The reports of statistical tests usually include a measure called p-value. If it does not, it is probably not a very reliable analysis. P-values are commonly used when comparing two or more groups. P-values are necessary because analysts rarely have the access to the whole population and use samples instead.
Sample and Population
Population includes all the members of one particular group. For example, female and male populations are about 4 billion each. Image if you wanted to see if females differ in height to males. For obvious reasons it is practically impossible to test every female and male in the world. Does this mean that you cannot try to assess whether there is a difference in height between these groups? Statisticians do not think so! That is where samples come into play.
A sample is simply a subset of population. If you are still interested in the height difference between males and females you can select a random sample, or a random number of people from the population, and analyze it. Unfortunately, you might select a biased sample. Perhaps, by chance, the males in your sample are unusually tall and females are unusually short. That is where the p-value comes into play.
P-value
Let’s say that you have selected a sample of 10 males and 10 females. You measured them and discovered a 2 cm difference between your samples. Whereas males are on average 170 cm and females are 168 cm. If you had tested the whole population and observed the same difference you could now confidently say that males are taller than females. However, you used a sample which means that you need to do some additional steps before concluding any findings. Now you need to use a test to see whether the 2 cm difference is statistically significant. Or in other words, you need to see whether your p-value is lower than 0.05 (5%). P-value is the probability that the results which you obtained from your two samples could have occurred if there was actually no difference between males and females in the population. In the context of our question, the p-value show us the probability of observing males as 170 cm tall and females as 168 cm tall in our sample when the actual height of males and females in the population is equal.

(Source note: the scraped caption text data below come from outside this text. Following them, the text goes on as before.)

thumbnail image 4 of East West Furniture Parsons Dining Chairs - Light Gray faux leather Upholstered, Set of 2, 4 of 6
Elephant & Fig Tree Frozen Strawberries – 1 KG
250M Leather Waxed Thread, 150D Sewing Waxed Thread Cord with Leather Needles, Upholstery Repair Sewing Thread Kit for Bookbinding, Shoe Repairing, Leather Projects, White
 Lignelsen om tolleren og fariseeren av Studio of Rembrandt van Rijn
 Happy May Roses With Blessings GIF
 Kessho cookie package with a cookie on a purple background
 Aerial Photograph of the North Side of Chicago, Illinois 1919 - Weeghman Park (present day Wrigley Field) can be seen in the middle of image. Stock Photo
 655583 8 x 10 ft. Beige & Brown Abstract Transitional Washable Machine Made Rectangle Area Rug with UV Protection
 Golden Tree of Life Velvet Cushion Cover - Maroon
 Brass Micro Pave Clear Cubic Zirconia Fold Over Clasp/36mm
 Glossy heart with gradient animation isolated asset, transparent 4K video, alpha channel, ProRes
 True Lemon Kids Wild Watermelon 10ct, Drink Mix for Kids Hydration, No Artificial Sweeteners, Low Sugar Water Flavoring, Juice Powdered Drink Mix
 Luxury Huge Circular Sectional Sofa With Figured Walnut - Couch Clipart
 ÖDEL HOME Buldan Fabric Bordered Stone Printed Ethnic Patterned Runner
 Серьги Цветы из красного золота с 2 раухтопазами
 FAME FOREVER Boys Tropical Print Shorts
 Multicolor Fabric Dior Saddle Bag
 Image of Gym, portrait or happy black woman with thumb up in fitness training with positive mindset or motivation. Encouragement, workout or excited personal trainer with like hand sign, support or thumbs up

If you are familiar with alternative and null hypotheses then another way to describe p-value is as the probability of finding a difference between two groups when the null hypothesis is in fact true.
The most common p-value threshold is 5% or 0.05. That is, a test is considered statistically significant if p < 0.05. But this threshold is arbitrary and different researchers use different p-value to assess significance depending on how stringent they want their criteria to be. For instance, 1% or p=0.01 as well as 10% or p=0.1 are other common significance levels.